0
$\begingroup$

I have the following birthday data (Just the head):

  #pop Freq
    1 2976
    2 1238
    3  738
    4  467
    5  352
    6  243

This means that there are 2976 people who are the only one for this value in the data. (For example, there might be only 1 person with 1/1/1965 and 1 person with 1/2/1957 and there are 2976 people in total who are like this). There are 1238 people who share their birthday with any other person, 738 people who share with 2 other people, etc.

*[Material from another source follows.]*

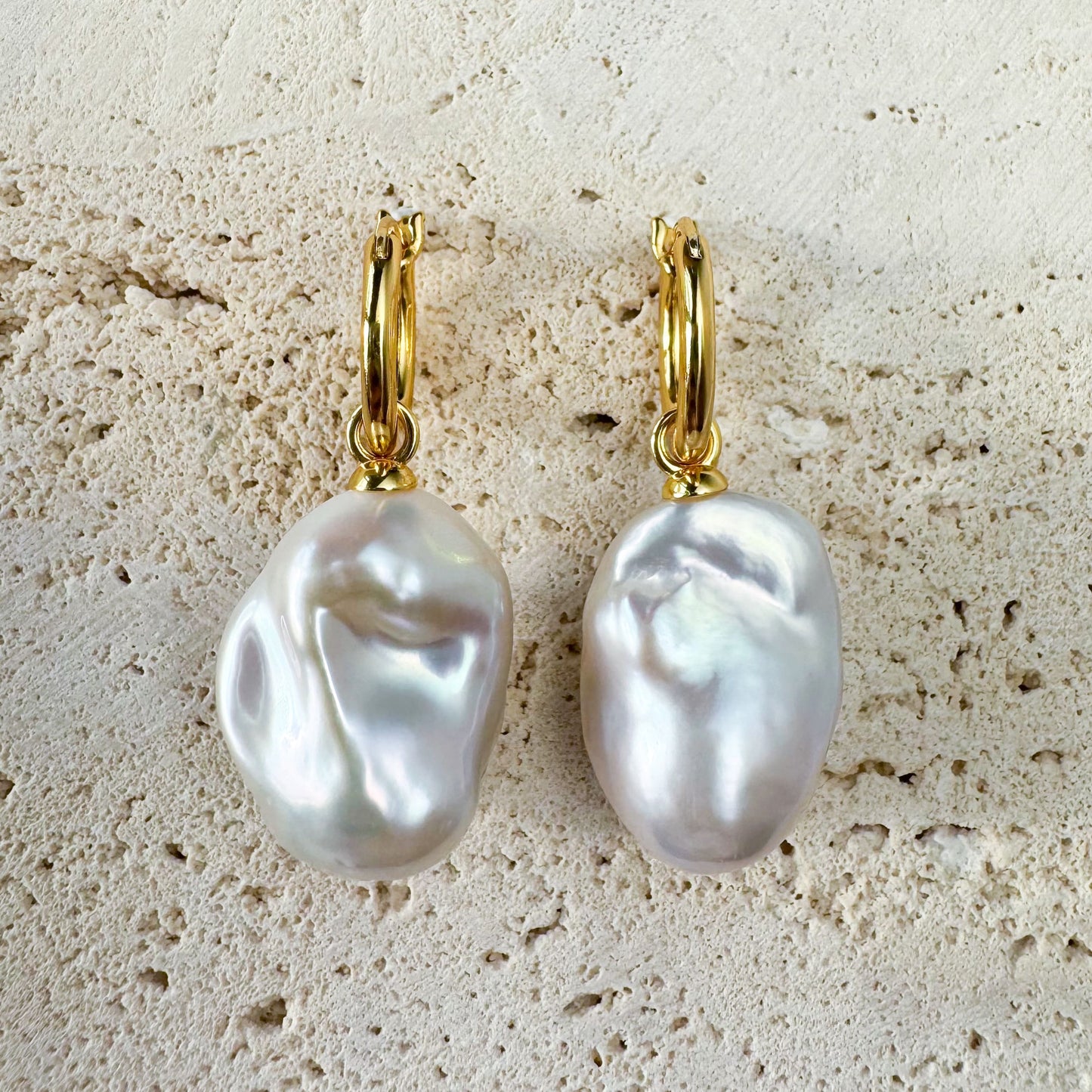 Aurora Dream - Freshwater Baroque Pearl Earrings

I can get the % of people of the population who have each of these characteristics (Freq/n). I was just summing up the (Freq/n) for the population to get the value that given a given birthday what the probability is for the population. But I am thinking this isn't correct.

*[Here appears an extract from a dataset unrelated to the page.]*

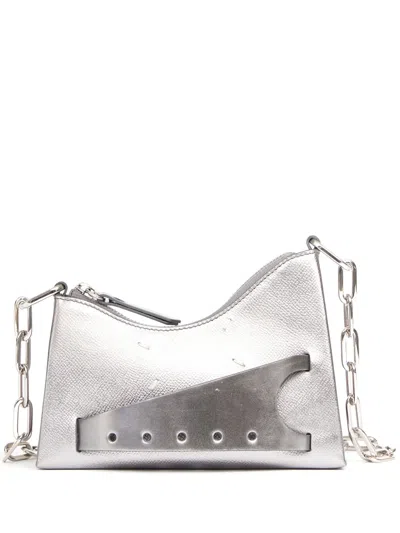MAISON MARGIELA SNATCHED HOBO LEATHER BAG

How do I get the overall probability that given a birthday that I can determine who the person is in the overall population?

  • 0
    Not sure I am clear on the question. If I understand your table (not certain) then there are exactly $2976+1238+738+\cdots + 243 = 6014$ dates which come up as birthdays for at least one person in your sample. Is that correct? If so then, again from the table, there are exactly $2976$ of these which determine a person uniquely so the answer you want is $\frac {2976}{6014}$. Or have I misunderstood?2017-02-26
  • 0
    2976/n is the number of people who if you have their birthdate in another dataset you can uniquely identify them. 1238/n is the number of people who if you have their birthdate you have a 50 percent chance of determining their identity. 738/n is the number of people who if you have their birthdate you have a .33 chance of identifying them accuractly.2017-02-26
  • 0
    Ok...but I still don't understand what your question is. Maybe what you want is the weighted average of those probabilities? Thus $\frac {2976\times 1 +1238\times \frac 12 + 738\times \frac 13+\cdots}{6014 }$?2017-02-26

1 Answers 1

0

Lulu was correct, what I was looking for was weighted average. In my code, I forgot to sum them up by percentage and then divide over n.